Some years ago, Greg Hopkins made the statement at a Hall of Fame dinner that he and Curt never talked about winning, implying that the scoreboard had little to do with their motivation. It was a load of crap! If you didn’t think winning was important to those two guys, just try losing and see what you get. In my experience, it was somewhere between hearing yourself breath on the car ride home and a blistering ass-chewing in which your poor play was rightfully called out in front of your teammates. The latter was almost always followed by fifty or sixty sprints from the foul line to centerfield and back. When Curt’s mother, Barb, used to point out that in each game one team has to lose, he would snap, “Yeah, well it doesn’t have to be mine.” Trust me, winning was a thing — a very, very important thing.
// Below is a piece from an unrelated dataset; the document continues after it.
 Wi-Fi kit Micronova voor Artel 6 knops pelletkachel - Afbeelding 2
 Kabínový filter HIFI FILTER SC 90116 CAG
For most of us, a hero is a person we admire from a distance, an idol about whom we know very little. Our impressions are formed by what we see on TV, at Major League ballparks, and on the stage during rock concerts. I’ve had many over the years, including Frank Reagan, Pete Rose and Ted Nugent. But my affection for these men is limited by reality — Reagan is a fictional character played by Tom Selleck on CBS’s Blue Bloods; Rose was a great baseball player with a penchant for gambling and then lying about it; and Nugent … well … let’s face it, Ted’s the man. But my real heroes were not famous at all. They’d never been on TV or gotten a Major League hit or jammed on the stage at the Memorial Coliseum. They were not wealthy and would not be recognized on the street by anyone who did not already know them. They were just good men who lived in my community and cared about me and my teammates. They pushed us to become better than we ever thought we could be, loved us when we won and when we lost (the sprints and ass-chewings were just their way of showing it), and took part in our lives beyond baseball by helping us get to college, attending our graduations and weddings, and holding our children as if they were their own. My heroes were Curt Daniels and Greg Hopkins.
I spent twenty years coaching college baseball, a career I chose specifically because of the impact my heroes had on my life. It was an easy choice for me, but one not free of regret. The fact that I lost way more games than I won will keep me awake at night for the foreseeable future, and I failed at the one thing I wanted to accomplish most as a coach: I wanted my players to feel about me the way I feel about Curt and Hoppy.
I miss my heroes. Curt’s tragic death in 2003 left a void inside me that cannot be filled. And even though Hoppy and I worked in the same circles for more than two decades, we were rarely in the same ballpark at the same time. When we were, it seemed timeless. He’d still make me laugh by saying something really inappropriate, just beyond earshot of the people most likely to be offended — his special gift — or by tapping me in the nuts with a fungo. That’s Hop, am I right?
The Cardinal teams I was on in 1983-84 won 102 games and lost 19, somehow without capturing a state championship. We were brought together from varying backgrounds and sold on a vision of building the program that could finally supplant the Yakima Beetles as the best youth baseball organization in the state of Washington. Although we failed in our efforts to do so in the club’s first two years, my teammates and I had written on the dugout wall. Two years later, Curt and Hoppy hoisted their first state championship trophy; a year later they were in the World Series.
Being “OC” — that’d be, “Original Cardinal” — is something I will always cherish. The experience made me who I am today — whatever that is — and I’m grateful for having shared it with an incredible group of guys.